March 03, 2005

More Zombies

In another comment too interesting to leave hanging off an irrelevant entry, Camilo Libedinsky writes:

This is a comment on your March 16th 2004 blog on motion induced blindness... there you say: "Is it conceivable that the zombie sees but isn't really aware of seeing the yellow dot, and also sees but isn't really aware of not seeing the yellow dot, and yet somehow still can distinguish objectively between the two states (so it
can describe the illusion) just like someone with a mind?" I have a problem here with your definition of "seeing". Actually, in the rain, there are differences between the state of "seeing" the yellow dot and not "seeing" it during motion induced blindness. And that's precisely what neuroscientists are trying to pin down so as to find the neural correlates of visual perception. Back to your zombie argument, a zombie could in principle, given the change in neural activity, signal the appearance and disappearance of the yellow dot without a qualitative state associated to it. Of course here I am not at all defending the logical possibility of zombies; just pointing ut that motion induced blindness can't be used to target the zombie argument.

I think that's more or less my point, though.
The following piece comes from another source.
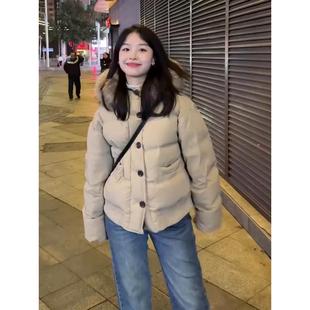 羽绒服女冬季 大毛领90白鸭绒短款 小个子加厚卡其色面包服棉衣外套
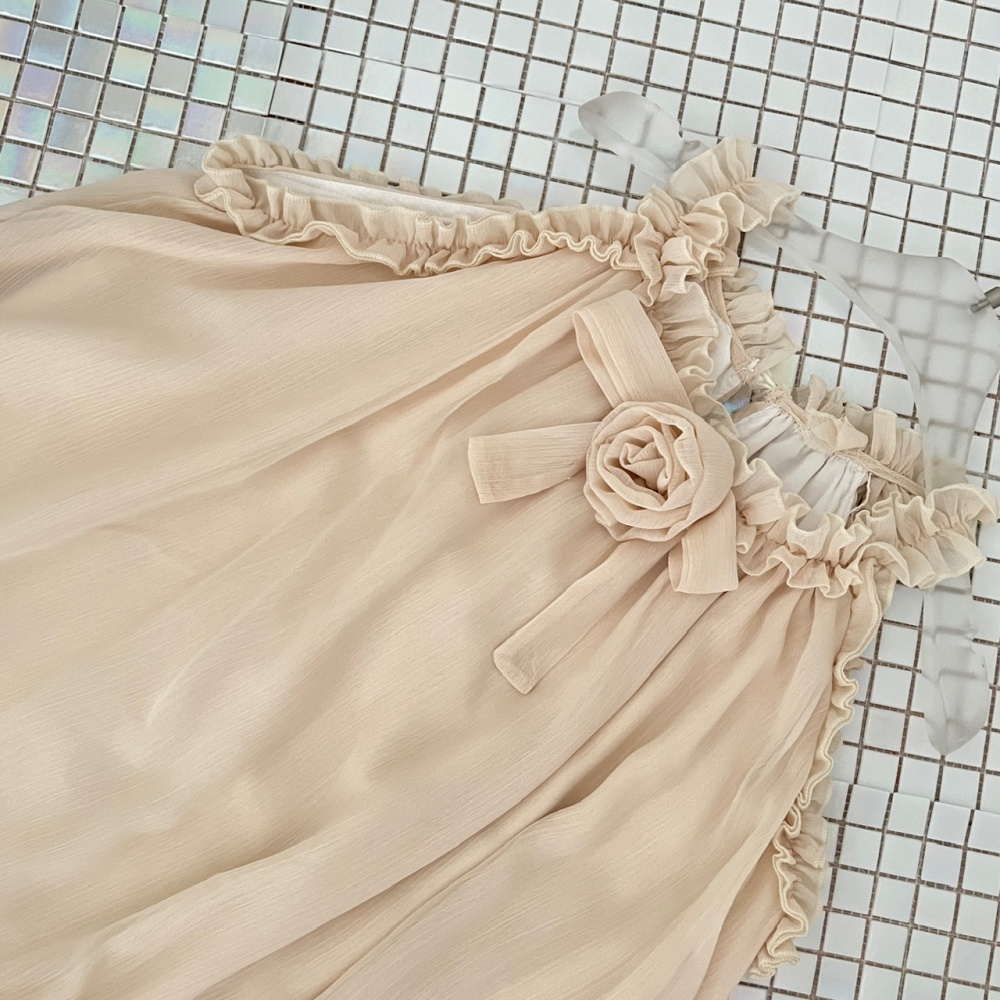Summer Korean style sleeveless swan dress for women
If neuroscientist pin down a specific brain-state that correlates exactly with "seeing" or "not seeing", that is being both aware of the perception when it's there, and aware of its absence and the peculiarity of that absence when it's not, then is there any reason not to identify that brain-state with having qualia? I mean, assuming that there's something empirical to the supposition about zombies in the first place; if there's not, then why stop at Zombies instead of going directly to Solipsism in the first place?

Posted by joshua at 10:13 PM | Comments (5)

Top Five Philosophers

In a comment on the last post, MP asks:

Okay, so who are your all time, desert-island, top 5 philosophers? I'll go first.

1) Marcus Aurelius
2) Alain de Botton
3) Ludwig Wittgenstein
4) A. A. Milne
5) Robert Heinlein

Cheers,
-MP

By "desert island", I'm assuming that he means ones that you can read and re-read, not necessarily the philosophers that made the greatest impact, or the ones that you'd want to organize your desert island society around. On that score I'd go for Marcus Aurelius, too, even though I think Epicurus had much more influence on my thinking. But when mostly fragments and restatements survive, you want more to keep you busy on a desert island. For the same reason, I think most of the analytic philosophers fall by the wayside. Do I really want to keep rereading Wittgenstein or Searle? For me I think it's probably

1) Nietszche
2) Isaiah Berlin
3) David Hume
4) Marcus Aurelius
5) Plato

But, as usual with such lists, I reserve my right to change my mind at any time. At any time, I tell you!